The Washington Post's Richard Cohen is the worst. As you may recall, back in July, he wrote a gross column called "Racism vs. Reality" that was just comprehensively appalling. His columns in the interim haven't exactly been hot shit, either, but if I spent all my time writing about how terrible Richard Cohen and his garbage columns are, I'd never get around to publicly shaming David Brooks.
Anyway. Yesterday, Cohen wrote another winner that included this gem:
Today's GOP is not racist, as Harry Belafonte alleged about the tea party, but it is deeply troubled — about the expansion of government, about immigration, about secularism, about the mainstreaming of what used to be the avant-garde. People with conventional views must repress a gag reflex when considering the mayor-elect of New York — a white man married to a black woman and with two biracial children. (Should I mention that Bill de Blasio's wife, Chirlane McCray, used to be a lesbian?) This family represents the cultural changes that have enveloped parts — but not all — of America. To cultural conservatives, this doesn't look like their country at all.And today he is defending himself:
Richard Cohen says that his latest piece was not intended to be and shouldn't be read as racist.I've got dipshit bingo!
"The word racist is truly hurtful," he told The Huffington Post on Tuesday. "It's not who I am. It's not who I ever was. It's just not fair.

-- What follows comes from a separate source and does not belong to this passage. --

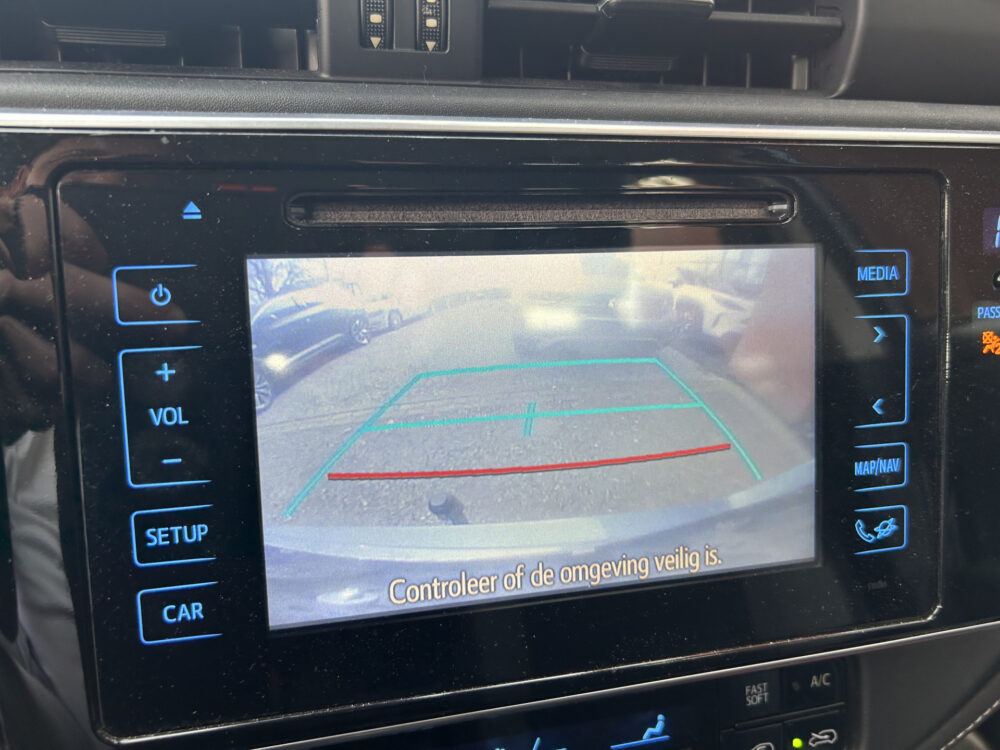 Toyota Auris Touring Sports 1.8 Hybrid Dynamic // LED // NAVI // CAMERA // CLIMA // DAB // KEYLESS // TREKHAAK!! 17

It's just not right."
..."I didn't write one line, I wrote a column," Cohen said. "The column is about Tea Party extremism and I was not expressing my views, I was expressing the views of what I think some people in the Tea Party held."
And those views are not held by the entire Tea Party. "I don't think everybody in the Tea Party is like that, because I know there are blacks in the Tea Party," he said.
...Cohen has been criticized for his comments on race in the past. When asked why he thought it was that he keeps getting caught up in racially charged arguments, he said that it's because people view him as a liberal and find some of his positions unconventional. "Every once in a while I take an unconventional stance as a liberal -- as someone who has always been called a liberal," he said. "If someone on the right wrote this, no one would care. No one would make a big deal about it but because I veer every once in awhile from orthodoxy, or maybe more than once in awhile, I get plastered this way."
I don't even know what anyone is hoping to accomplish, even someone trying to observe that there are social conservatives who object to interracial marriage, by talking about how there are people who "must repress a gag reflex" at the sight of a happy marriage between two people of different races and/or at the sight of their lovely children.
And though it's the insensitive (to put it politely) comments about race that are being most widely discussed, I have a real problem with this shit: "(Should I mention that Bill de Blasio's wife, Chirlane McCray, used to be a lesbian?)" Nice parenthetical rhetorical mentioning it under the tiresome pretense of not mentioning it. Christ. This guy writes for the Washington Post.
I have no idea how Ms. McCray personally identifies. Maybe she really does identify as a "former" lesbian. But maybe she identifies as a bisexual person, an identity the wholesale erasure of which Cohen commits with a casual snide remark about how she "used to be" a lesbian.
This is terrible, retrograde stuff. I would say the Washington Post should be ashamed, but keeping this guy around after the other swill he's disgorged into their pages indicates they are intractably shameless.